Spring scenes

The morning routine: up too early because I forgot to close the shutters and dawn comes very early these days. Climb sleepily into clothes. Stagger to the kitchen. Kettle on.

Can you believe that for the first 52 years of my life I eschewed coffee?  Now I can’t kick start my brain without it.

Well I could. And I did.  And boy do I realize it is the equivalent of artificial fertilizer.

I ought to go to bed earlier and rest properly. But this is Spring. Mad frenzy of work in the daylight hours. You can stay out there until 9pm before it gets too dark to see.

Wade through toast and peanut butter and then anoint myself ready for a havyfever, tick season event.

Still reeling from Lisa’s tick bite / Lyme scare story I have added my favourite tick repellent spray to my morning toilette.  It actually smells gorgeous. Which is good because my hayfever nasal spray doesn’t.

And for my second scene of spring I bring you the first mow of the season.

I even remembered to trickle charge the mower the day before.  What? Electricity for a mower?  My old Viking died after ten years of solid way too challenging service.

So when it came for a new one I went for the similar model and the same brand. But this one had been tweaked. No more yanking on the starter chord – just turn a key.
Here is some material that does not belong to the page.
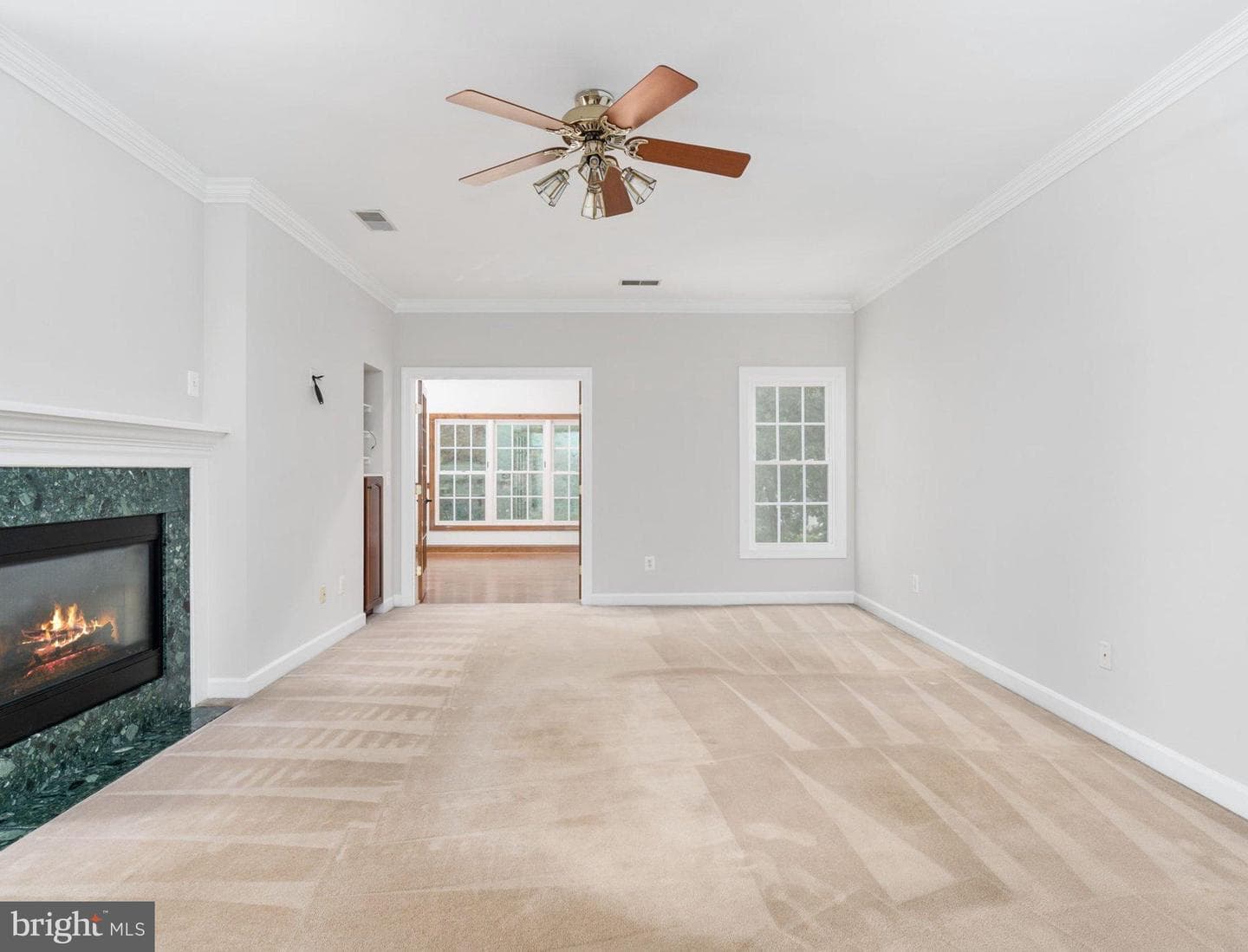 10028 Island Fog Court photo 51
You know how it is when you don’t realize you really, really needed something labour saving until you have it?

It’s a joy.

I positively twinkle through the six hours of mowing it takes to turn this garden into something more pleasing.

I could have gone to the lower terraces – they are in sore need of a mow to cut the heads off the nascent blackthorn, cherry seedlings, chestnut saplings and brambles that are trying to grow in my lawns.

But in spring you can’t neglect all the hundreds of other things on the list. So I’ll try and get down to the lower terraces before the grass grows to knee high and I have to resort to the strimmer.

Right now I have exactly six minutes before Bebère and Etienne arrive to rebuild our falling down pergola in the courtyard. And they don’t start their working day here on this farm without their favourite elixir – coffee.